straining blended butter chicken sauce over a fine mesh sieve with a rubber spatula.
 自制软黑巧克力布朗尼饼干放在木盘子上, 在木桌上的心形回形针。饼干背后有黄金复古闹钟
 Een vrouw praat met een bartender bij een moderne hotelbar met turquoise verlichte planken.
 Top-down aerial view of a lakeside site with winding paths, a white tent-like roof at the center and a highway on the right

- _EXERCISE_:
Please, starting with the first line of the material above, write out each line exactly and finish on the line that includes "Een vrouw praat".

- _RESPONSE TO THE EXERCISE_:
straining blended butter chicken sauce over a fine mesh sieve with a rubber spatula.
 自制软黑巧克力布朗尼饼干放在木盘子上, 在木桌上的心形回形针。饼干背后有黄金复古闹钟
 Een vrouw praat met een bartender bij een moderne hotelbar met turquoise verlichte planken.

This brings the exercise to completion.